# Numpy and Matplotlib essential

As suggested in one of the previous challenge, the library *numpy* is providing a very similar object than the list called *array*. The main difference is in the operation you can realise on it which are oriented towards computation. 

In this lesson we are going to learn a little more how to use this fundamental library to do any numerical analysis in Python.

Numpy extend the Python langage by providing new type (array, matrix, masked_array...), functions and method to realise efficient numerical calculation using Python.

The most basic numpy type is called *array*. The most basic array is a multi-dimensional object which contains numerical data.

[Numpy](http://www.numpy.org/) is **the** numerical library for Python. This library is too big to be taught in a day. That will be extremely boring and not useful at all. 
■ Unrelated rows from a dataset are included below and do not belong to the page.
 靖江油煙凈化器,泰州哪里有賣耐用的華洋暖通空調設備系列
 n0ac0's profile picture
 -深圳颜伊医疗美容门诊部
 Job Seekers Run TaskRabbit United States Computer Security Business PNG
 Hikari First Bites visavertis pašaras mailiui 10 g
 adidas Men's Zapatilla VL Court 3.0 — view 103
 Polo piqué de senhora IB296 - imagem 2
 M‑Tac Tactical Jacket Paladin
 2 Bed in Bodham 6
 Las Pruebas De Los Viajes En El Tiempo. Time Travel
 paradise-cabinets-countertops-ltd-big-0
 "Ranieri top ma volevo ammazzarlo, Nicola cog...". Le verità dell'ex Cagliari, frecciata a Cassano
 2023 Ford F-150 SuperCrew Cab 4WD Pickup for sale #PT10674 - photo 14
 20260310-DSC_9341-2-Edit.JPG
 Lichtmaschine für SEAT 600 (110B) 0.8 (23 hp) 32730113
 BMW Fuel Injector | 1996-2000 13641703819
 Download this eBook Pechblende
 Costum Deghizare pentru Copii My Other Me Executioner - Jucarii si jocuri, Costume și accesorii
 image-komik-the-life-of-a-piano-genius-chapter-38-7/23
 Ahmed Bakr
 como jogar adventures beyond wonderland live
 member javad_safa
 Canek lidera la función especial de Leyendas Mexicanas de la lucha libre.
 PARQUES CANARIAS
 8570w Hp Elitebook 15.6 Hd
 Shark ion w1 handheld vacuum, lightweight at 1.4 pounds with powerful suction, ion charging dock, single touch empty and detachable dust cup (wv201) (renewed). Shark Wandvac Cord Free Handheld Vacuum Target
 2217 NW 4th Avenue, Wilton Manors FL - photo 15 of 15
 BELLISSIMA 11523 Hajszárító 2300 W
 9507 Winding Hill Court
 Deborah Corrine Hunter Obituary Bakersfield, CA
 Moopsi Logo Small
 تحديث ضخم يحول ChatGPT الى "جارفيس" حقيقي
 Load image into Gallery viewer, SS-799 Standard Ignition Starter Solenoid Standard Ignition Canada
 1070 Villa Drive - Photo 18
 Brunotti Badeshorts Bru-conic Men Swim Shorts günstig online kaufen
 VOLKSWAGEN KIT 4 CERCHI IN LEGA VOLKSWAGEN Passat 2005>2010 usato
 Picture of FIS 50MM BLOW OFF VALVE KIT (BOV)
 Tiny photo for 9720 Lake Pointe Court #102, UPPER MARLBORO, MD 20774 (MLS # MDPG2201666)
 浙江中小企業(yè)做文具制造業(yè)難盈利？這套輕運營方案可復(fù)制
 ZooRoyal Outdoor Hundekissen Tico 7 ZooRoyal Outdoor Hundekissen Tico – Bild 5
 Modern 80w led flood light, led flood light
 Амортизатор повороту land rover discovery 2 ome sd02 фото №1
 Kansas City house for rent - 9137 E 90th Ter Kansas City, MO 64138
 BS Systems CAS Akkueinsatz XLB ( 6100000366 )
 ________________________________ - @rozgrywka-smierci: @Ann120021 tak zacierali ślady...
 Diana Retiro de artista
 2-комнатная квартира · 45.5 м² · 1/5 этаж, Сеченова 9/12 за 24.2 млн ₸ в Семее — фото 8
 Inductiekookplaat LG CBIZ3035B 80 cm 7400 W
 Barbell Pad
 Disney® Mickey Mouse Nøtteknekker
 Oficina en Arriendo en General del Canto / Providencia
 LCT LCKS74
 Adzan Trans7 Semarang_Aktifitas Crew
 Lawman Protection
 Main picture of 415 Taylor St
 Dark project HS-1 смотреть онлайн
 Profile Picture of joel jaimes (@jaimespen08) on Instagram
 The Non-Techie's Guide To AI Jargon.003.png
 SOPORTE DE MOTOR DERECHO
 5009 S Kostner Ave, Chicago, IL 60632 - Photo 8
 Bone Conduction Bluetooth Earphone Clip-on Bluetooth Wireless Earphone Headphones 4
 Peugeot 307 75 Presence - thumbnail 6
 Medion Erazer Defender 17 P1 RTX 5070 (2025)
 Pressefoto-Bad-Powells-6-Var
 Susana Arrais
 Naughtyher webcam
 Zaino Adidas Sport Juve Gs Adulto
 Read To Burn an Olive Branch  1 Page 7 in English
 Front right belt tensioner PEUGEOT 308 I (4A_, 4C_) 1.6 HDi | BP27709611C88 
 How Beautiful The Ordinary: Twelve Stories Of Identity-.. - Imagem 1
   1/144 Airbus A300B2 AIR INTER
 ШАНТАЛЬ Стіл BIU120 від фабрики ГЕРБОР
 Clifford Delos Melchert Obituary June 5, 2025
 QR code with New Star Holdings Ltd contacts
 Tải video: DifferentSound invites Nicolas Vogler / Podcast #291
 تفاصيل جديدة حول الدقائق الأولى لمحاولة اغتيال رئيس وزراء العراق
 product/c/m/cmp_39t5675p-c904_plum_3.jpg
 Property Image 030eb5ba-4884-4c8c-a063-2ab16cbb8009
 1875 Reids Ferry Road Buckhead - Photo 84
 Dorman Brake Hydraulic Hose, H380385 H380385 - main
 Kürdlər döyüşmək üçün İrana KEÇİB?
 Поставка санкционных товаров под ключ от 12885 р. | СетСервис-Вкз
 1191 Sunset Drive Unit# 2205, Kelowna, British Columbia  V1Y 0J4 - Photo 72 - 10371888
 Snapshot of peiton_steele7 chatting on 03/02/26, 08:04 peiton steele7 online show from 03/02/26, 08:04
This library is at the base of all the other libraries used in science and data science: 

- [scipy](https://www.scipy.org/) Fundamental library for scientific computing (interation, optimisation...)
- [pandas](http://pandas.pydata.org/) data structure and data analysis tools
- [matplotlib](https://matplotlib.org/) Python 2D plotting

And more specialised one like:

- [astropy](http://www.astropy.org/) for the astronomy
- [h5py](https://www.h5py.org/) to interact with the HDF5 format
- [scikit-learn](http://scikit-learn.org/) for Machine Learning
- [TensorFlow](https://www.tensorflow.org) for Deep Learning

We are going to learn some of the basic command not seen in the first course using some of these libraries but keep in mind that we are just covering the basics so you can understand how to start using this library and hoping that will peak your interest enough.

To start, we are going to import the two libraries *numpy* and *matplotlib* that will be use in this episode.

**note**

HDUList are not object that you are familiar with.

We can access the first HDU (the one of interest) which contains the image as an element in a list using the index:

In [None]:
HDU_copy1 = im1[0]     # As mention an HDU is a list and we want to have access to the first one.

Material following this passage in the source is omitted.